** Material for this task follows **

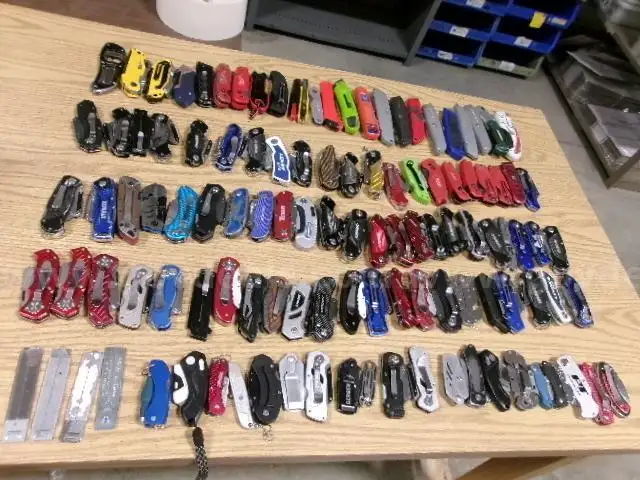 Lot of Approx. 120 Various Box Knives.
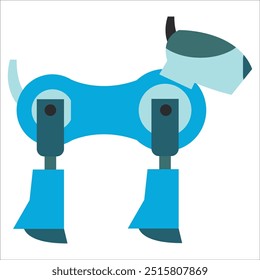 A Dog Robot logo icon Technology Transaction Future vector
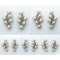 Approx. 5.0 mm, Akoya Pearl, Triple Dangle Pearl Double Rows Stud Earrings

** End of Material for this task **
** Material for this task follows **

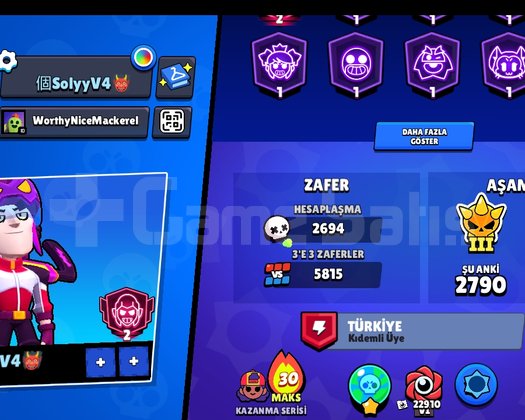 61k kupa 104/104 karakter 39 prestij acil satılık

** End of Material for this task **
** Material for this task follows **

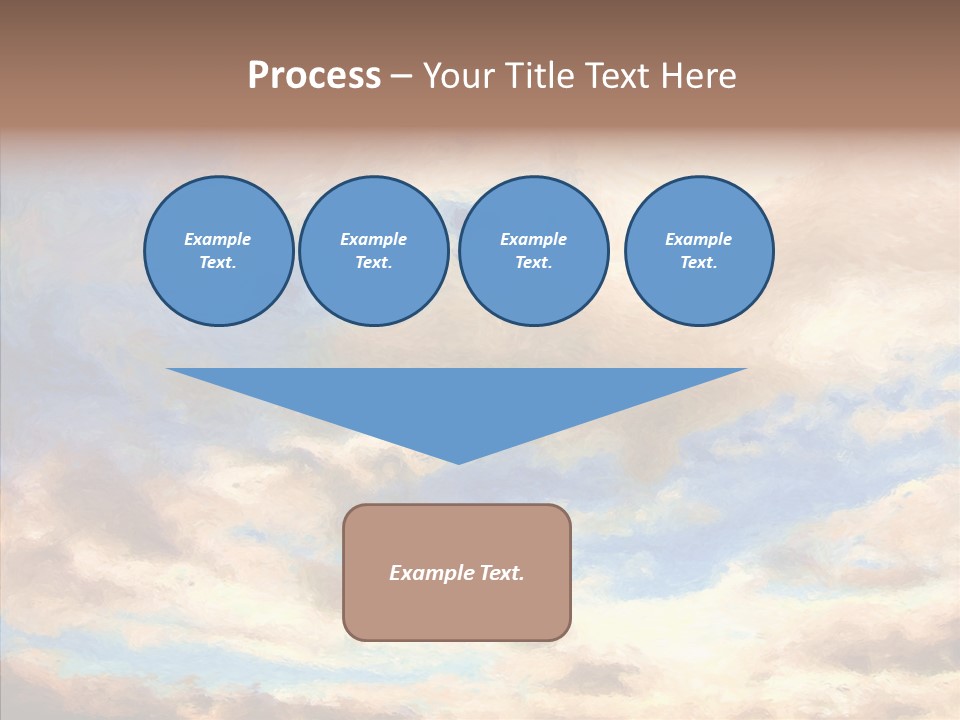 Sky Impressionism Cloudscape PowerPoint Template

** End of Material for this task **

• What the exercise asks:
Look above for the line with "Lot of Approx. 120 Various Box Knives." and copy exactly from it through the line with "Approx. 5.0 mm, Akoya", both included. Omit the pictures.

• Answer section:
 Lot of Approx. 120 Various Box Knives.
 A Dog Robot logo icon Technology Transaction Future vector
 Approx. 5.0 mm, Akoya Pearl, Triple Dangle Pearl Double Rows Stud Earrings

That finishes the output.